The TensorFlow container in the NGC container registry (`nvcr.io`) comes pre-configured as defined by the
following parameters. These parameters are used to pre-compile GPUs, enable support for the
Accelerated Linear Algebra (XLA) backend, and disable support for Google Cloud Platform (GCP)
and the Hadoop Distributed File System (HDFS).

### 6.1. Added And Modified Parameters

In addition to the parameters within the Dockerfile that is included in the Google TensorFlow container, the following parameters have either been added for modified with the NVIDIA version of TensorFlow.

For parameters not mentioned in this guide, see the __TensorFlow
documentation__.

### 6.1.1. TF_CUDA_COMPUTE_CAPABILITIES

The TF_CUDA_COMPUTE_CAPABILITIES parameter enables the code to be pre-compiled for specific GPU architectures.
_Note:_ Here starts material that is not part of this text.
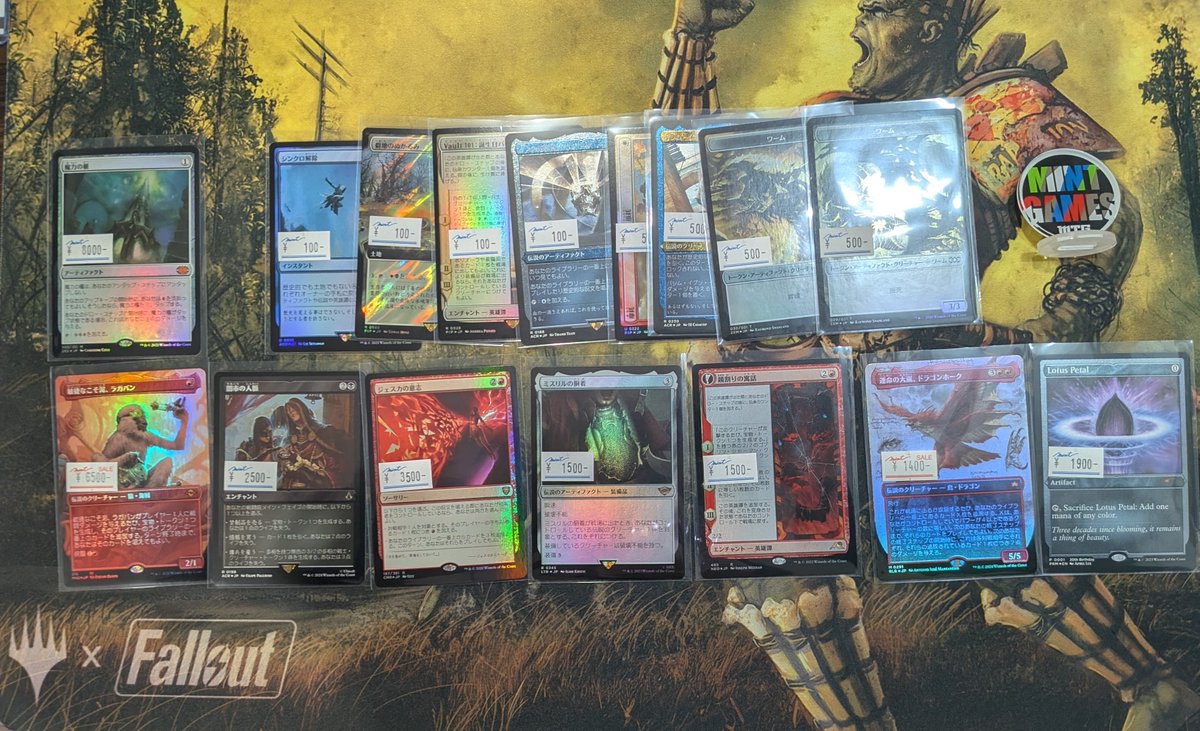 MINT GAMES MTG 東京・東日本橋 on X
Where the numbers correspond to GPU architectures:TF_CUDA_COMPUTE_CAPABILITIES "6.0,6.1,7.0,7.5"

- 6.0+6.1
- Pascal
- 7.0
- Volta
- 7.5
- Turing

### 6.1.2. TF_NEED_GCP

The TF_NEED_GCP parameter, as defined, disables support for the Google Cloud Platform (GCP).

TF_NEED_GCP 0

### 6.1.3. TF_NEED_HDFS

The TF_NEED_HDFS parameter, as defined, disables support for the Hadoop Distributed File System (HDFS).

TF_NEED_HDFS 0

### 6.1.4. TF_ENABLE_XLA

The TF_ENABLE_XLA parameter, as defined, enables support for the Accelerated Linear Algebra (XLA) backend.

TF_ENABLE_XLA 1

## 7. TensorFlow Environment Variables

The following environment variable settings enable certain features within TensorFlow. They change and reduce the precision of the computation slightly and are enabled by default.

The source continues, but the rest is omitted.